Let’s talk about these misclassifications. In the real world, it’s usually worth my white to understand a bit about both false negatives and false positives for my models. Which documents here were incorrectly predicted to be written by Jane Austen, at the extreme probability end?
comment_classes %>%
filter(
probability > .9,
title == 'The War of the Worlds'
) %>%
sample_n(10) %>%
inner_join(books %>%
select(document, text)) %>% select(probability, text)
## Joining, by = "document"
## # A tibble: 10 x 2
## probability text
## <dbl> <chr>
## 1 0.943 "meteorites are rounded more or less completely. It was, howeve~
## 2 0.988 "\"After all, it may not be so much we may have to learn before-~
## 3 0.969 "did not know what to make of her. One shell, and they would ha~
## 4 0.988 "I cannot but regret, now that I am concluding my story, how lit~
## 5 0.993 "She explained that they had as much as thirty pounds in gold,"

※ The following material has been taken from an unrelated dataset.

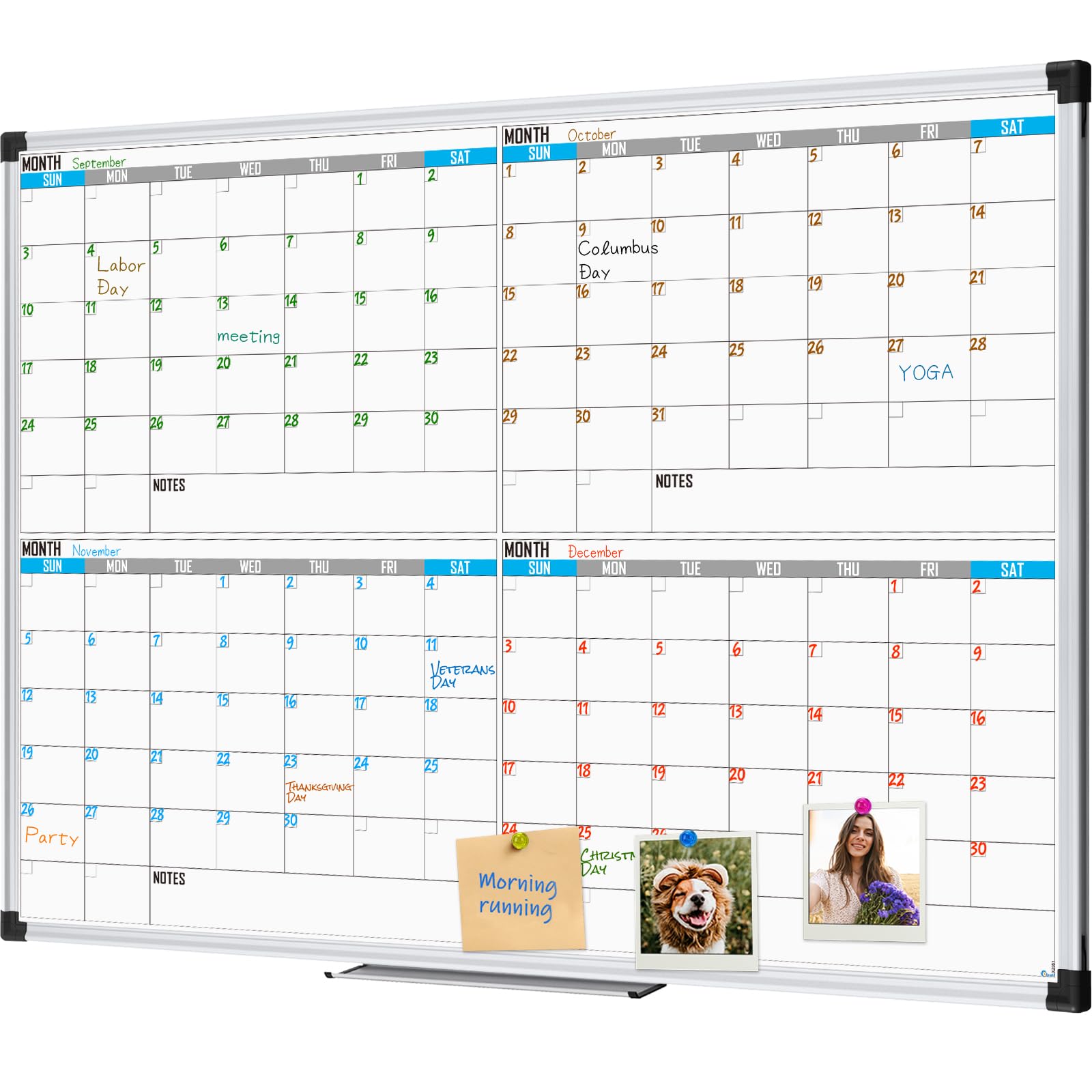 XBoard Magnetic Calendar Whiteboard 48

## 6 0.962 "She was steaming at such a pace that in a minute she seemed hal~
## 7 0.915 "purpose, and taking possession of the conquered country. They ~
## 8 0.924 "\"You'll see, sir. They carry a kind of box, sir, that shoots ~
## 9 0.925 "of rage in our final tragedy, easy enough to blame; for they kn~
## 10 0.930 "they did not wish to destroy the country but only to crush and ~
Some of these are quite short, and some of these I would have difficulty classifying as a human reader quite familiar with these texts
Which documents here were incorrectly predicted to not be written by Jane Austen?
comment_classes %>%
filter(
probability < .3, title == 'Pride and Prejudice'
) %>% sample_n(10) %>% inner_join(books %>% select(document, text)) %>% select(probability, text)

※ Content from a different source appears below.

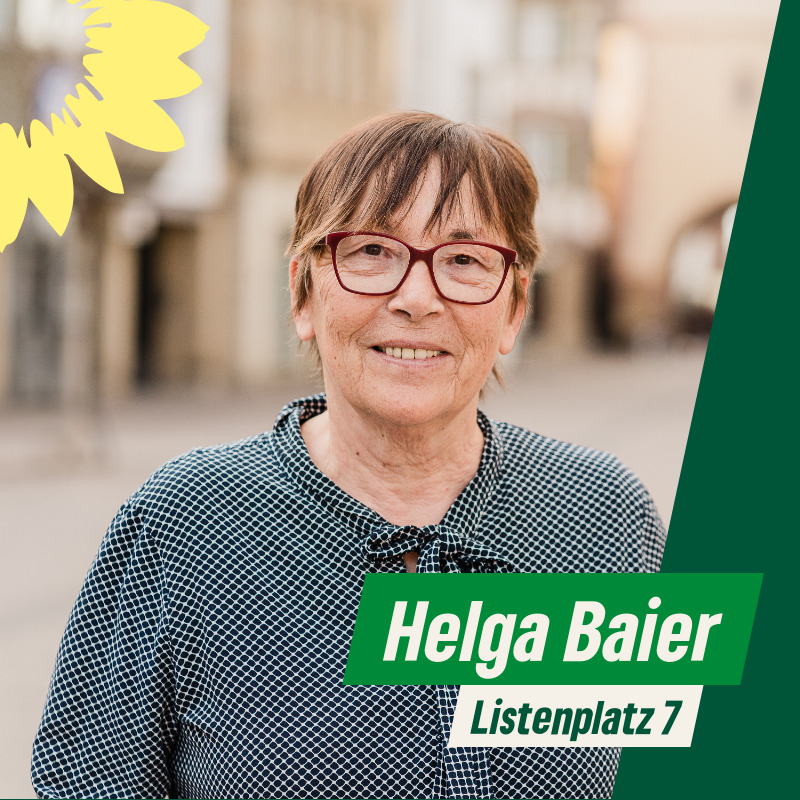 Helga Baier, Listenplatz 7, Kreistagswahl 2024 Grüne Winnenden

## Joining, by = "document"
## # A tibble: 10 x 2
## probability text
## <dbl> <chr>
## 1 0.150 in the room a near relation of my patroness. I happened to overh~
## 2 0.204 and telling again what had already been written; and when it clo~
## 3 0.0534 Newcastle, a place quite northward, it seems, and there they are~
## 4 0.00401 hot-pressed paper, well covered with a lady's fair, flowing hand~
## 5 0.162 all families within the reach of my influence; and on these grou~
## 6 0.221 was as sincere as her brother's in sending it. Four sides of pap~
## 7 0.233 then said, of my conduct, my manners, my expressions during the ~
## 8 0.148 shrubbery. They both set off, and the conjectures of the remaini~
## 9 0.163 to a window to enjoy its prospect. The hill, crowned with wood, ~
## 10 0.285 in the regiment since the preceding Wednesday; several of the of~
These are the texts that are from Pride and Prejudice but the model did not correctly identify as such.
This workflow demonstrates how tidy data principles can be used not just for data cleaning and munging, but for sophisticated machine learning as well. I used my own tidytext package, and alaso a couple of packages from the tidymodels metapackage which provides lots of valuable functions and infrastructure for this kind of work. One thing I want to note is that my data was not in a tidy data structure the whole time during this process, and that is what I usually find myself doing in real world situations. I use tidy tools to clean and prepare data, then transform to a data strucutre like a sparse matric for modeling, then tidy() the output of the machine learning algorithm so I can visualize it and understand it in other ways as well. We talk about this workflow in our book, and it’s one that serves me well in the real world.